Les bénéfices environnementaux liés à l’Aéroport du Grand Ouest sont multiples. Le transfert va libérer la biodiversité de Grand-Lieu et faciliter ainsi la préservation des 250 espèces animales et végétales protégées répertoriées sur le site. Au-delà de ces enjeux naturalistes, c’est aussi une avancée pour la qualité de vie des habitants de l’agglomération nantaise, qui pourront durablement profiter d’un poumon vert représentant près de la moitié de la superficie de Nantes. L’impact économique devrait également être important avec cette zone naturelle remarquable qui permettra de diversifier l’offre touristique régionale et de répondre aux attentes de l’éco-tourisme qui connaît actuellement un essor important. La « loi littoral » continuera à s’appliquer sur cette zone pour la préserver de toute urbanisation galopante.

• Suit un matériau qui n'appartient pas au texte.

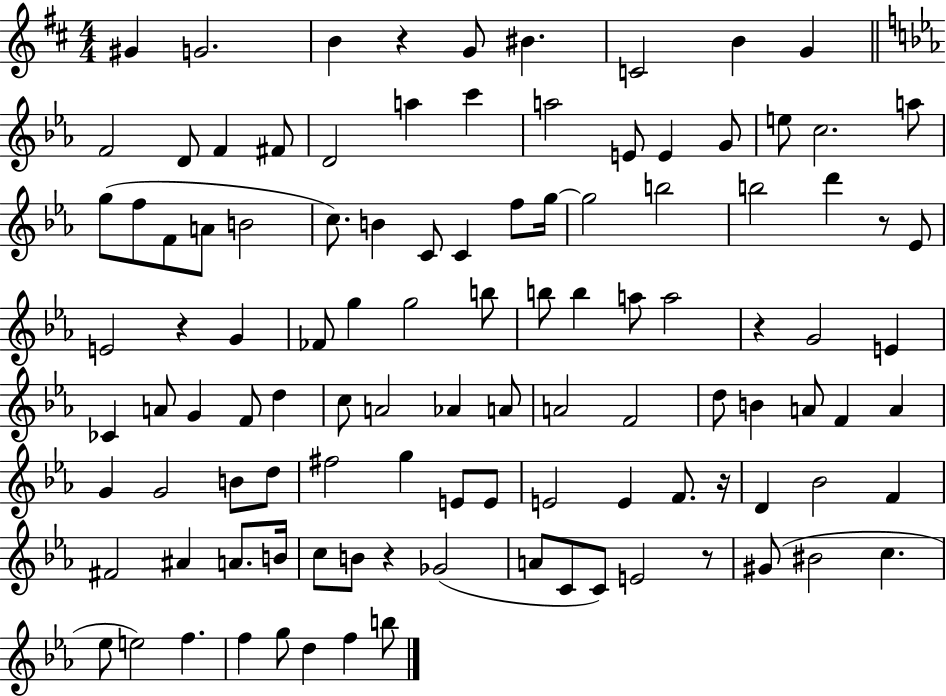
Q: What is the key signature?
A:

 2017 06 05 Lac de Grand Lieu Rgion des Pays de la Loire ÔÇô PB. Fourny 2

 

« Comme le montrent toutes les réflexions, en particulier celles engagées dès 2002 dans le débat public, le transfert est indispensable au plan environnemental. L’Aéroport du Grand Ouest garantit la préservation de la biodiversité remarquable du lac de Grand-Lieu et la diminution des nuisances sonores. Aujourd’hui, 42 000 personnes sont directement impactées par le survol des avions. Le transfert évite que demain cette nuisance en concerne deux fois plus. L’aéroport Nantes Atlantique est en effet l’un des seuls d’Europe à avoir une piste dans l’alignement du centre-ville » rappelle Johanna Rolland, Maire de Nantes et Vice-Présidente du SMA – Syndicat Mixte Aéroportuaire du Grand Ouest.

 

Droit de réponse 

Dans votre article paru dans la Newsletter du Syndicat Mixte Aéroportuaire sous le titre « Journée mondiale de l’environnement », vous affirmez qu’avec l’Aéroport du Grand Ouest, la sauvegarde de 250 espèces animales et végétales protégées du lac de Grand-Lieu est enclenchée. Il s’agit d’une contre-vérité flagrante à laquelle vous associez mon nom en citant une  simple interrogation faite en 1975 sur l’impact des avions sur l’avifaune du lac, hypothèse que rien n’est venu ensuite confirmer. En tant que spécialiste scientifique de ce lac et ornithologue professionnel, mais aussi directeur de la Réserve Naturelle Nationale du Lac de Grand-Lieu pendant 23 ans depuis sa création, je n’ai jamais constaté la moindre gêne des oiseaux de ce lac due aux avions commerciaux utilisant l’aéroport actuel de Nantes Atlantique, à l’exception de vols exceptionnels du Concorde, et aucune étude scientifique ne démontre le contraire malgré l’augmentation importante du trafic aérien. Les vols commerciaux qui empruntent le couloir aérien de Grand-Lieu ne le survolent que sur sa rive orientale, éloignée des principales colonies d’oiseaux situées sur la rive occidentale, et le font de toutes façons à une hauteur qui ne gêne pas les oiseaux, même sur la réserve régionale. La Commission du Dialogue sur NDDL nommée par le premier ministre Jean Marc Ayrault avait repris à son compte ce constat. Le fait d’affirmer comme vous le faites que le déplacement de l’aéroport « va libérer la biodiversité » est totalement absurde.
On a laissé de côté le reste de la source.